Jane Fonda as Gloria Beatty
Michael Sarrazin as Robert Syverton
Gig Young as Rocky
Susannah York as Alice LeBlanc
Red Buttons as Sailor
They Shoot Horses, Don't They? is framed around a deceptively simple, character-driven plot - two dissimilar dreamers in 1932 Hollywood are thrown together by fate (the embittered, pessimistic Gloria and the naively good-natured Robert) to tragic effect. By placing the action within the unfamiliar, almost freak-show atmosphere of a marathon dance contest whose chief requirements are desperation and a masochist's tolerance for pain, the film makes many perceptive, still-relevant points about the way the dangling carrot of hope can be used to manipulate and exploit those most vulnerably in need.

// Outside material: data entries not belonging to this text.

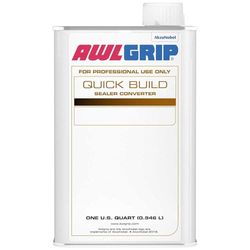 QUICK BUILD SEALER CONVERTER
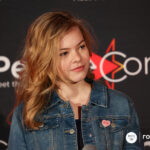 Livi Birch – Stranger Fan Meet 7 – Stranger Things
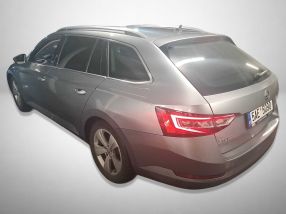 Skoda Superb - 2016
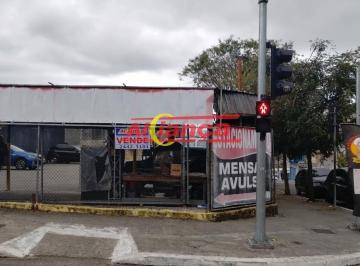 Terreno · 550m² · terreno 550 mts exelente localizaçao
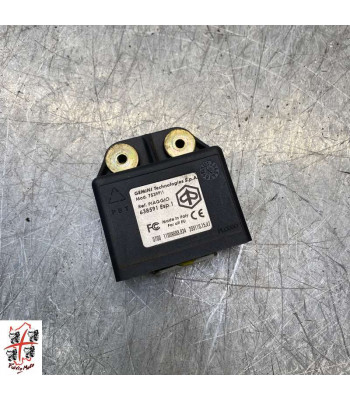 Boitier CDI PIAGGIO XEVO 125 - 2008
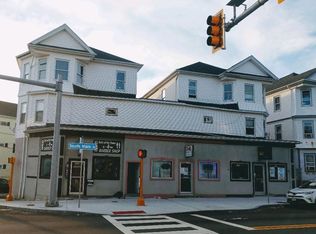 1641 S Main St, Fall River, MA 02724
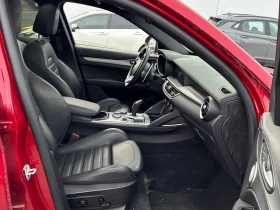 Alfa Romeo Stelvio Veloce CARFAX | Auto.bg — изображение 17 Alfa Romeo Stelvio Veloce CARFAX | Auto.bg — изображение 17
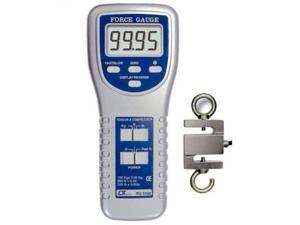 FG-5100 LUTRON 100 Kg, Tension & Compression Force Gauge FG5100 FG-5100 LUTRON 100 Kg, Tension & Compression Force Gauge FG5100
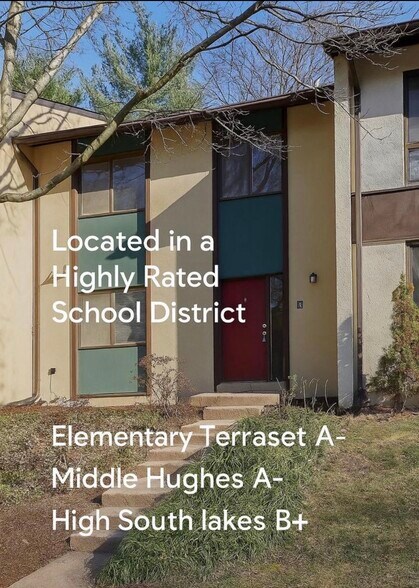 Building Photo - 11817 Coopers Ct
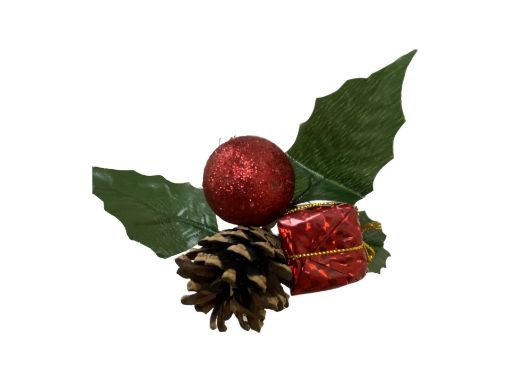 Picture of Parcel, Ball & Cone Pick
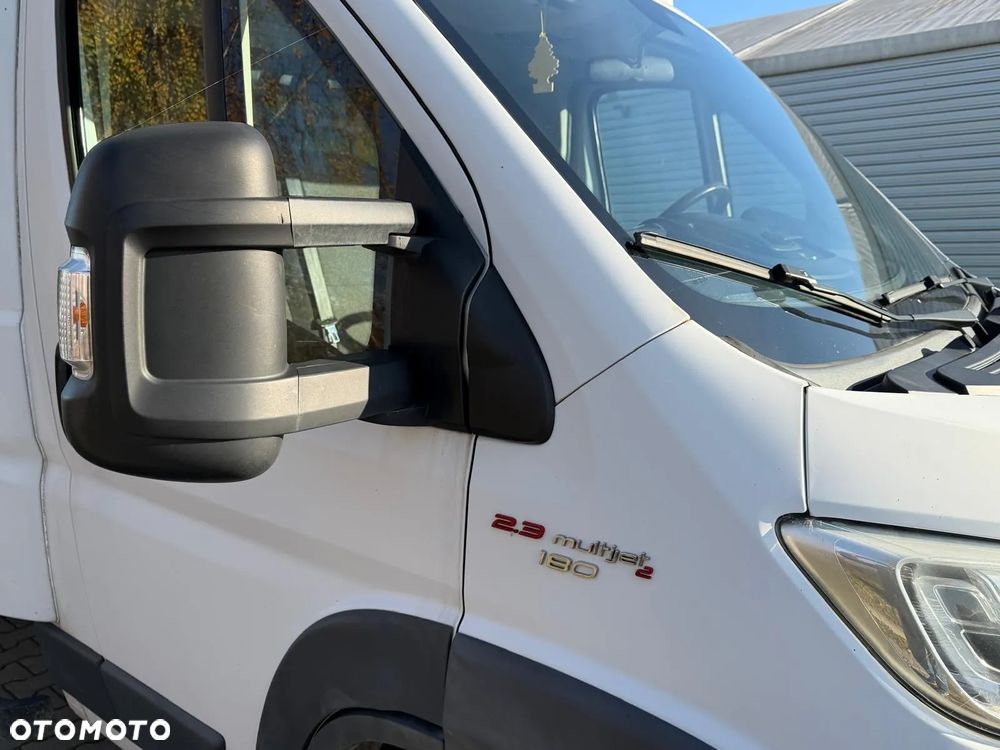 Fiat Ducato - 4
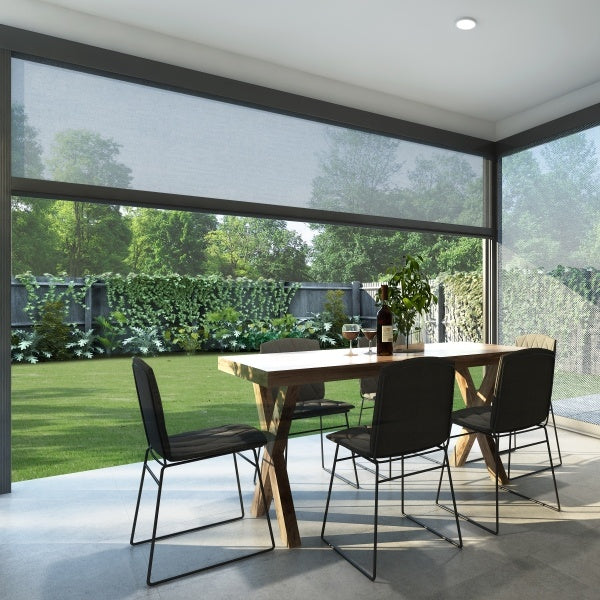 Outdoor Shades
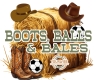 Boots, Balls & Bales Country Family Festival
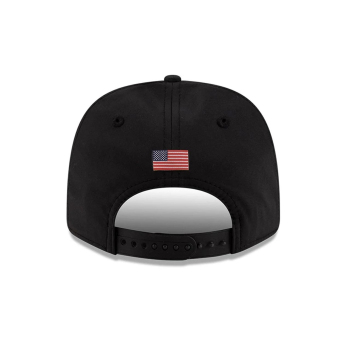 Haas F1 čepice baseballová kšiltovka Camo black F1 Team 2025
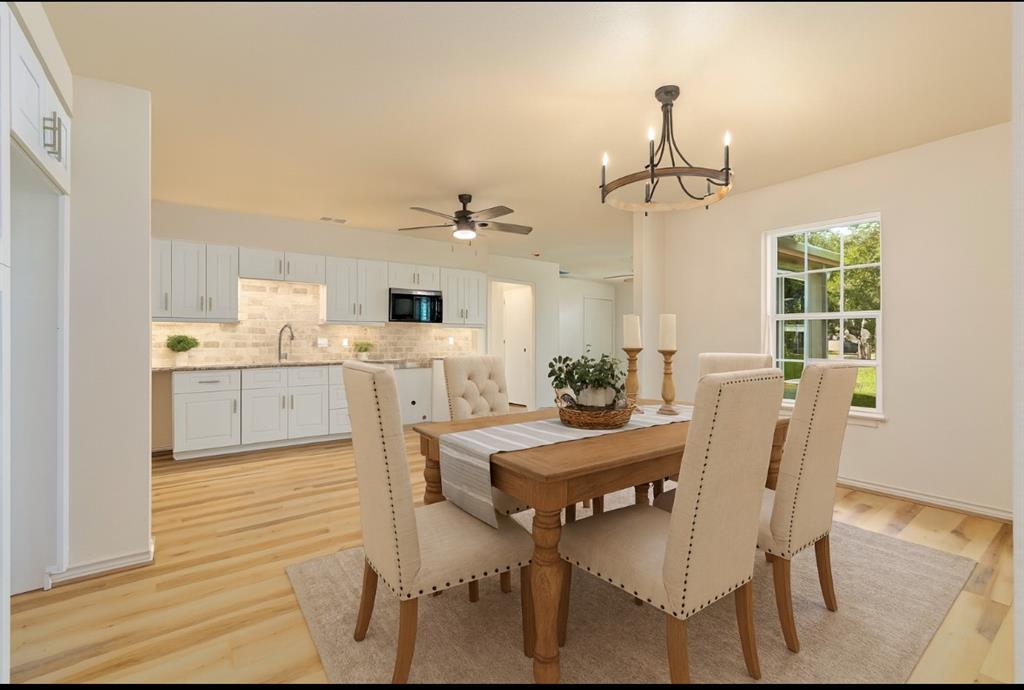 English Heights - Residential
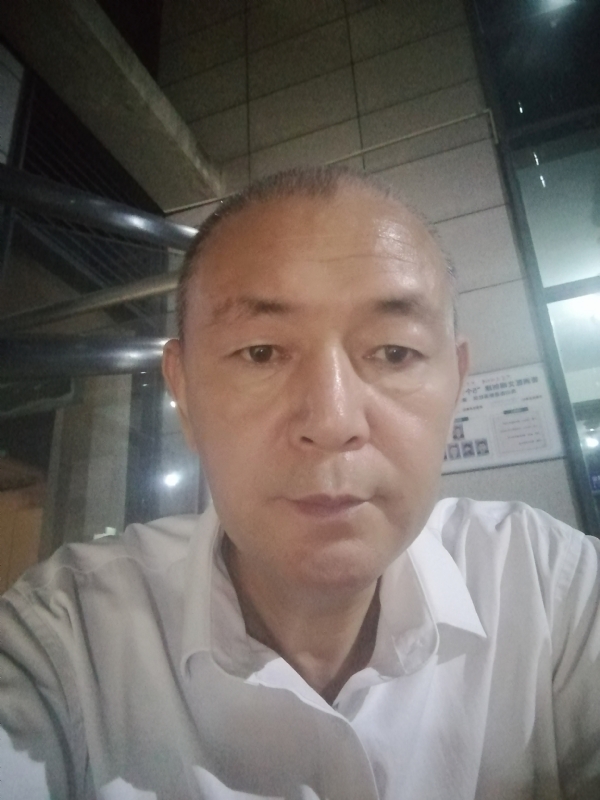 老李的第一张照片--惠州相亲服务中心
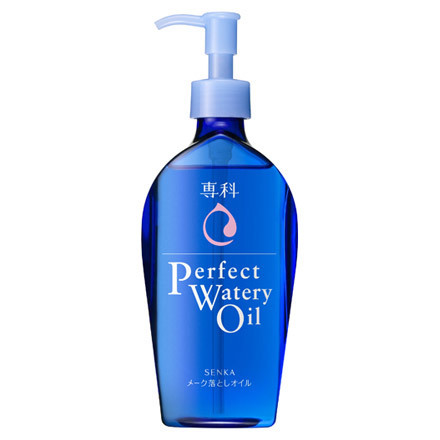 Perfect Watery Oil n / SENKA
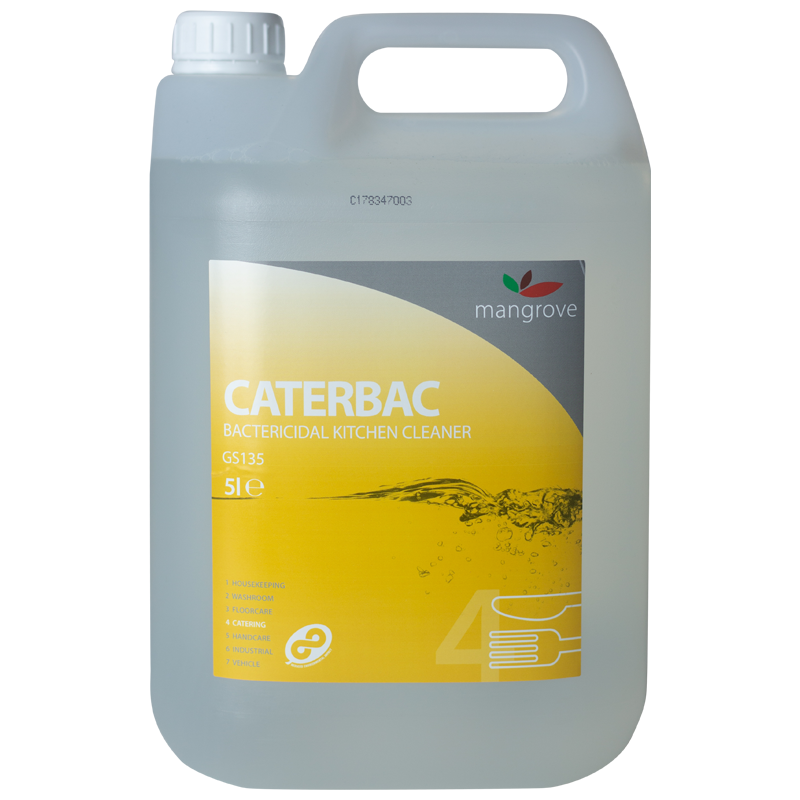 Caterbac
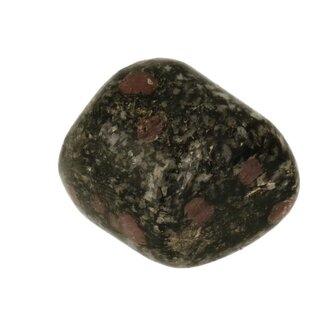 Victoriet (spinel in Biotiet)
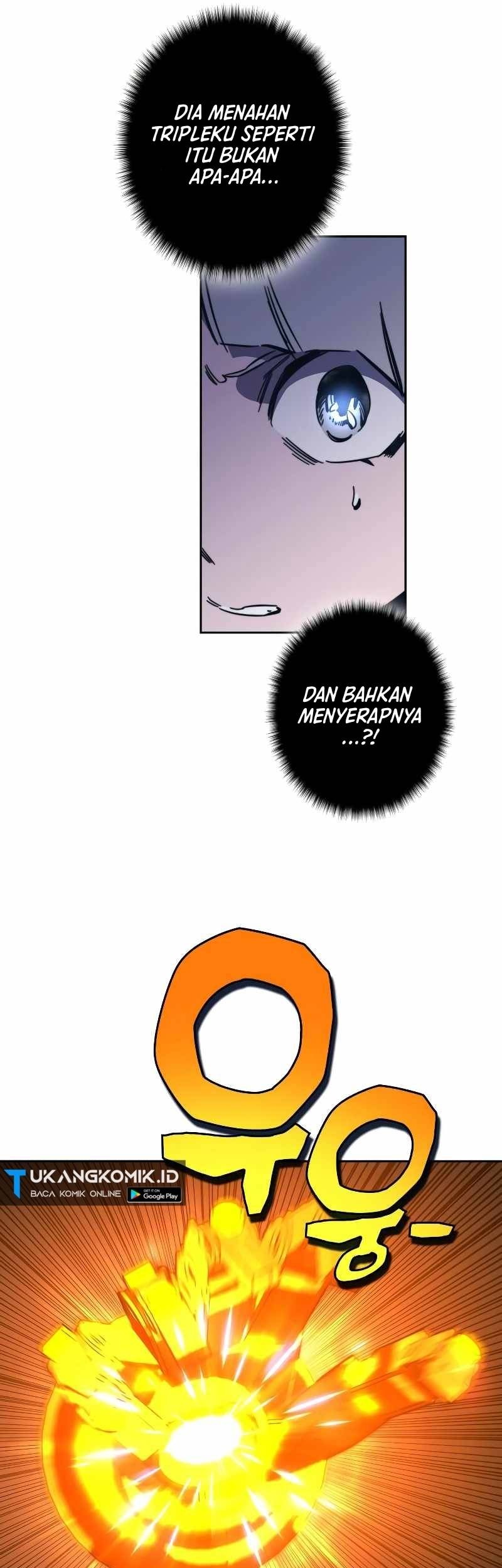 X Ash Chapter 92 Gambar 25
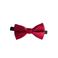 Shoeby vlinderdas rood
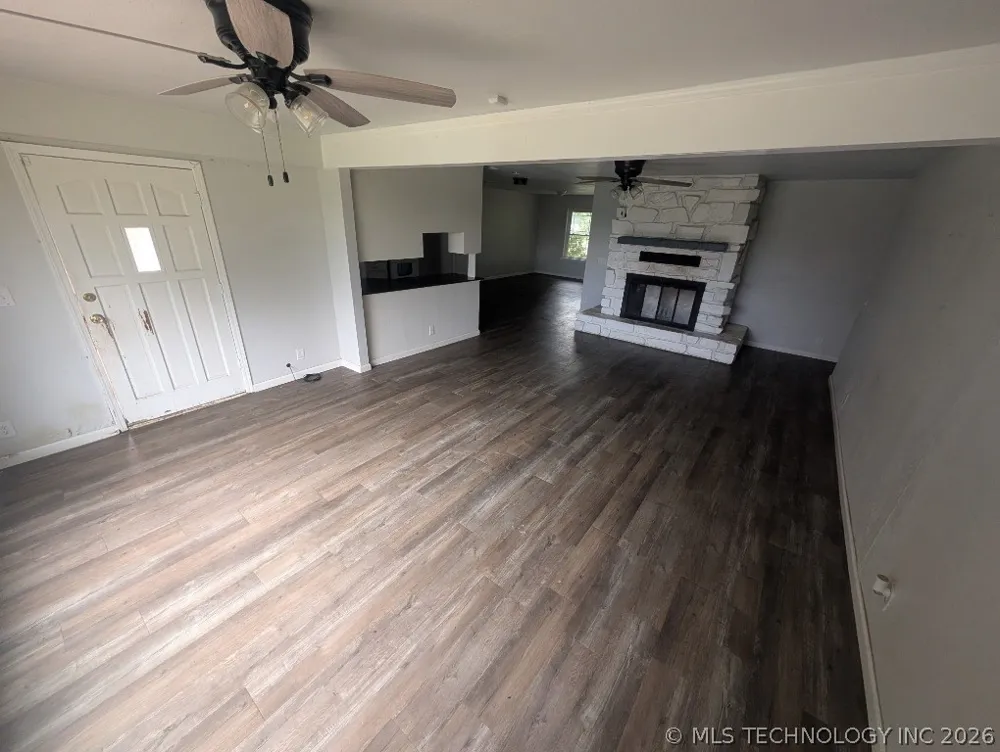 178 County Road 1755 Osage, OK 74054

WHAT I LOVE ABOUT THIS FILM
Nathanael West's The Day of the Locust and Horace McCoy's They Shoot Horses, Don't They? both cast 1930s Hollywood (as embodied by the movie industry) as a Lilith leading men to their doom, but the films adapted from these novels differ significantly. While I love both movies, there is something so humane about director Sydney Pollack's approach to the material that makes it the more compelling piece. The penny-ante aspirations of the protagonists are never belittled, nor are their character flaws looked upon with anything other than empathy for the suffering that lay at their core. 
If the characters in The Day of the Locust are rendered grotesques due to their ofttimes willing surrender of their souls to valueless dreams; the dreamers in They Shoot Horses, Don't They? are guilty of little more than being misguided in their fruitless, potentially hopeless, quest for something to believe in.
Before Reality-TV: People are the ultimate spectacle
"The crowd has got to have something to believe in. Once they stop believing, they stop coming."

PERFORMANCES
They Shoot Horses, Don't They? represents the best film work of virtually every member of its talented cast, but the recent deaths of co-stars Susannah York and Michael Sarrazin add an extra layer of poignancy to two performances that already significantly tug at the heartstrings. Portraying two Candide-like innocents left broken and disillusioned by what could best be called the neutral cruelty of existance, the impossibly young duo are agonizing in their vulnerability and both give memorably moving performances.
Alice on the Edge: York's haunting breakdown scene
Robert...always seeking the sun
Gig Young, whom I had heretofore only known as an annoyingly glib presence in smirky sex comedies from the '60s, gives one of those naked, laying-it-all-on-the-line performances (like Ann-Margaret's in Carnal Knowledge) that seems to give vent to years of frustration at being a talent underutilized.
The same can be said of Jane Fonda, who functionally changed the course of her career with this film. Though perhaps a tad too beautiful and angularly delicate to physically embody the life-hardened heroine of McCoy's novel (imagine Ann Savage from 1945's Detour), Fonda is nonetheless emotionally right on target and gives off an edgy electricity that jumps off the screen. Hard-bitten and brittle, nervous and as alert as a junkyard cat, Fonda is impossible not to watch.


THE STUFF OF FANTASY
The only movie I know of to use America's short-lived marathon dance phenomena for a dramatic backdrop (I'd never even heard of a marathon dance before I saw this), They Shoot Horses, Don't They? confines itself almost exclusively to a single indoor set, yet still manages to be vividly cinematic. Employing an intimate, if not invasive, shooting style that makes imaginative use of hand-held cameras, a stiflingly claustrophobic environment of a precise time and place is evoked in a way that never once feels stagy or set-bound.


THE STUFF OF DREAMS
I have seen hundreds of films over the years, so it doesn't surprise me that I've forgotten so many. But what does surprise me (as the years pile up) are the films which have never left my mind, and the images that remain as clear to me now as the day I first saw them.  
Which brings me to the incredible "derby" sequence: a virtuoso bit of filmmaking employing music, fast cuts, and dizzying hand-held camerawork to create one of cinema's most powerful visual representations of hopeless desperation. It's my absolute favorite scene from the film. 
In 1969 the use of slow motion hadn't yet become the movie cliché it would eventually grow into, so the agonizingly protracted sequence depicting a cluster of over-fatigued individuals racing in a circle to a discordant calliope arrangement of the optimistic anthem "California Here I Come" (thus rendered a perverse, human merry-go-round), was an image so poetically grotesque, yet hypnotically beautiful, that I never forgot it.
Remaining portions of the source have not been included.